Historian Michael Burleigh’s excellent book offers insights into where exactly we’re headed. In an interesting forensic examination, he suggests that while the world may be on the cusp of still more dramatic changes, it is possible that the risks will bring not only change but surprisingly a wholly positive transformation.

According to him, it’s far too simplistic to believe that a more self-assertive China is going to assume global leadership, which position the US seems to be vacating. Burleigh raises the question as to who would have thought that China could champion globalisation and lead the battle on climate change.

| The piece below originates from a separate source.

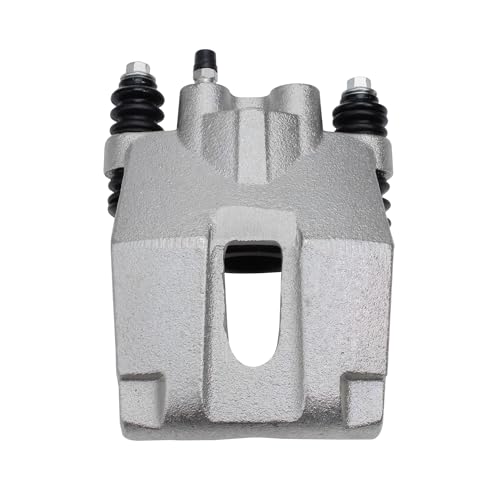 Image of Detroit Axle - Rear Disc Brake Calipers Replacement for 2004-2011 Ford F-150, 2006-11 Lincoln Mark LT, 2005-2007 2008 2009 Ford Lobo - 2pc Set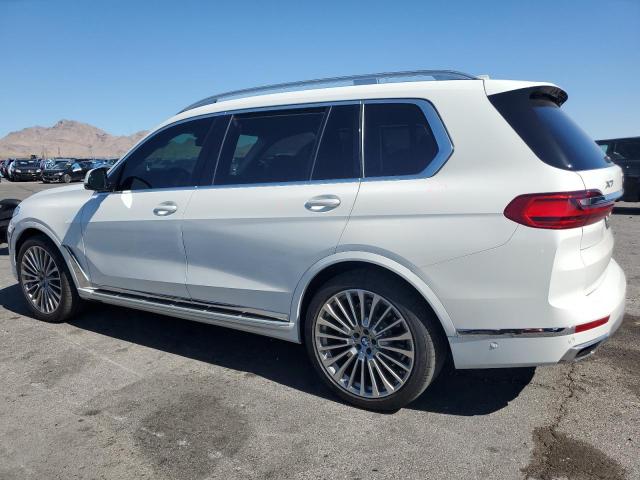  BMW X7 2019 White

He notes that achieving hegemony in the Asia-Pacific region is China’s priority. The Asian giant is believed to be committing US$ 5 trillion to build infrastructure projects in Asia, the Middle East and Europe under the Belt and Road Initiative, to boost growth and trade.

Burleigh confesses that he’s not a futurologist and lacks the gift of prophecy. But he reminds readers that the removal of Saddam Hussein did not result in Iraq becoming a beacon of democracy and liberal economics. In fact, the battle between Iran and Saudi Arabia for regional dominance has become more intense.

He notes that the public’s war weariness was also a factor that contributed to faux isolationist Trump becoming president of the United States.

US action in Iraq and Afghanistan meant Russian suspicions about the new American dominated post-Cold War order being confirmed. It seemed as if the US was acting like a rogue state under the flag of high principles. Russia and China suspected that the Responsibility to Protect (R2P doctrine) adopted by the UN thinly concealed a Western ‘right to intervene’ against weaker states whenever it liked without major protectors.

There are new interpretations of derivatives, which Warren Buffett has defined as weapons of mass destruction.

And in describing how derivatives magnified the problems of subprime mortgages when the housing market slumped, the former Governor of the Bank of England Mervyn King said: “It was like watching two old men playing chess in the sun for a bet of US$ 10 and then realising that they are being watched by a crowd of bankers who are taking bets on the results to the tune of millions of dollars.”

Burleigh pulls no punches. He says that in the UK and France, the supermarket maxim of ‘buy our arms and get our foreign policy free’ prevails. He refers to the scandal involving the payment of UK£ 250,000 by British defence company BAE Systems to the daughter of Saudi Prince Bandar Bin Sultan to go on a luxury honeymoon. This was prior to signing the Al Yamamah arms deal worth UK£ 43 billion.

The investigation into the deal was halted by former British Prime Minister Tony Blair when the Saudis threatened to liquidate US$ 750 billion of Treasury securities and 587 billion dollars of sovereign wealth funds.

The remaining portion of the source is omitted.